### EXERCISE BRIEF
The line containing "Femminile ingegnere casco" and every line after it, through the end of the records below: repeat them exactly, nothing more.

- - - - - - -

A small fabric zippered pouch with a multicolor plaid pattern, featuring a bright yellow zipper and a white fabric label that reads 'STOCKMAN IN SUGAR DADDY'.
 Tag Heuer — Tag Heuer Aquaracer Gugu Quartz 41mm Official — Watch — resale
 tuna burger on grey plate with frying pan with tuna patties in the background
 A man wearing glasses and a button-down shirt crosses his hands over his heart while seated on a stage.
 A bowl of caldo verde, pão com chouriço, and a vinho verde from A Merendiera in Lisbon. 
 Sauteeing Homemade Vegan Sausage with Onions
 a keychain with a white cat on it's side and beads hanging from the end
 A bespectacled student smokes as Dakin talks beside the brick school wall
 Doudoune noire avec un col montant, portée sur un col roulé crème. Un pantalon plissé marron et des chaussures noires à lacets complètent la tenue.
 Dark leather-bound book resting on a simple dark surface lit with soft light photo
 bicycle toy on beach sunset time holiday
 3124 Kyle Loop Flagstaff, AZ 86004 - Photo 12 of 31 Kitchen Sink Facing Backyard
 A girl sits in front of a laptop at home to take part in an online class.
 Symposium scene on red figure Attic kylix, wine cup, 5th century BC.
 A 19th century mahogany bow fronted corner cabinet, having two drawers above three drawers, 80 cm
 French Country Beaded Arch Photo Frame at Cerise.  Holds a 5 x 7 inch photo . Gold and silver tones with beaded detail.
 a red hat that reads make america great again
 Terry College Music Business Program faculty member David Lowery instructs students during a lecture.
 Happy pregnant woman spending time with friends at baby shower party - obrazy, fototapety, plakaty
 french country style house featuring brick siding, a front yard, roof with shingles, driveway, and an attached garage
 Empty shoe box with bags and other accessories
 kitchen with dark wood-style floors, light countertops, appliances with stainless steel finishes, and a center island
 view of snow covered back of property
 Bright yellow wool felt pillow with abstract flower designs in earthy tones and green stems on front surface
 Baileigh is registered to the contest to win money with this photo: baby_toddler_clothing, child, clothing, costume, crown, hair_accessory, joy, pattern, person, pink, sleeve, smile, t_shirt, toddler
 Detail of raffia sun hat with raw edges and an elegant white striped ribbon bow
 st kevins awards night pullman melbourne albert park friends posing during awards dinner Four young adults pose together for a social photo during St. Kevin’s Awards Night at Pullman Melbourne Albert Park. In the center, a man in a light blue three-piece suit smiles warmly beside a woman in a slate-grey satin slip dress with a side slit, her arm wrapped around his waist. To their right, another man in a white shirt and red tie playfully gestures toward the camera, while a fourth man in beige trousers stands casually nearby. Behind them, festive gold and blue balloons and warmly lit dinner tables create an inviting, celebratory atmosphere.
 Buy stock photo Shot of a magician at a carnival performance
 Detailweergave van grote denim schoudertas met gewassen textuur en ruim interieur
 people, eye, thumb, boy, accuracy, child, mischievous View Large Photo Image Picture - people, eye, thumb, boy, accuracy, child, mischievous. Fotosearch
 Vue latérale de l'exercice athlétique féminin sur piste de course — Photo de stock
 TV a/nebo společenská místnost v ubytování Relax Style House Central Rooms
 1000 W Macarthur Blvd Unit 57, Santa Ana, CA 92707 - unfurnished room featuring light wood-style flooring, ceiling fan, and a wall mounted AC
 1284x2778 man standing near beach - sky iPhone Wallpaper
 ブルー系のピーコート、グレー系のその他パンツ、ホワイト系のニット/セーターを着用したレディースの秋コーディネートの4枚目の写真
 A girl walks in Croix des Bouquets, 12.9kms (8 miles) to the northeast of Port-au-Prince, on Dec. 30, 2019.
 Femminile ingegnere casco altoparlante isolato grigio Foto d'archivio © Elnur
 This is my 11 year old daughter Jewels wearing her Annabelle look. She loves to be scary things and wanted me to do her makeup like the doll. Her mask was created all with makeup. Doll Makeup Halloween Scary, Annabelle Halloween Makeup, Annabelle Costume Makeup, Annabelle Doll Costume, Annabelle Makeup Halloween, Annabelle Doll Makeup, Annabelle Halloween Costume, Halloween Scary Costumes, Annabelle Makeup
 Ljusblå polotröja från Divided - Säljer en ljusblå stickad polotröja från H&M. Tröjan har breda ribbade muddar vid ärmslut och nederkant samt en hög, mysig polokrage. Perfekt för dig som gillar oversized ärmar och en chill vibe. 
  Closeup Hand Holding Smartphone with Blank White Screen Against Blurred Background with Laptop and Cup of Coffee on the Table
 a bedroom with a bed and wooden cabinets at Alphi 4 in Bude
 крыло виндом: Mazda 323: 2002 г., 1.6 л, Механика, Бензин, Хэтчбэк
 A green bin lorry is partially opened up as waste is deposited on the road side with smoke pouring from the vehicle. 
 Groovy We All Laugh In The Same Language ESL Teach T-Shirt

- - - - - - -

### SOLUTION
 Femminile ingegnere casco altoparlante isolato grigio Foto d'archivio © Elnur
 This is my 11 year old daughter Jewels wearing her Annabelle look. She loves to be scary things and wanted me to do her makeup like the doll. Her mask was created all with makeup. Doll Makeup Halloween Scary, Annabelle Halloween Makeup, Annabelle Costume Makeup, Annabelle Doll Costume, Annabelle Makeup Halloween, Annabelle Doll Makeup, Annabelle Halloween Costume, Halloween Scary Costumes, Annabelle Makeup
 Ljusblå polotröja från Divided - Säljer en ljusblå stickad polotröja från H&M. Tröjan har breda ribbade muddar vid ärmslut och nederkant samt en hög, mysig polokrage. Perfekt för dig som gillar oversized ärmar och en chill vibe. 
  Closeup Hand Holding Smartphone with Blank White Screen Against Blurred Background with Laptop and Cup of Coffee on the Table
 a bedroom with a bed and wooden cabinets at Alphi 4 in Bude
 крыло виндом: Mazda 323: 2002 г., 1.6 л, Механика, Бензин, Хэтчбэк
 A green bin lorry is partially opened up as waste is deposited on the road side with smoke pouring from the vehicle. 
 Groovy We All Laugh In The Same Language ESL Teach T-Shirt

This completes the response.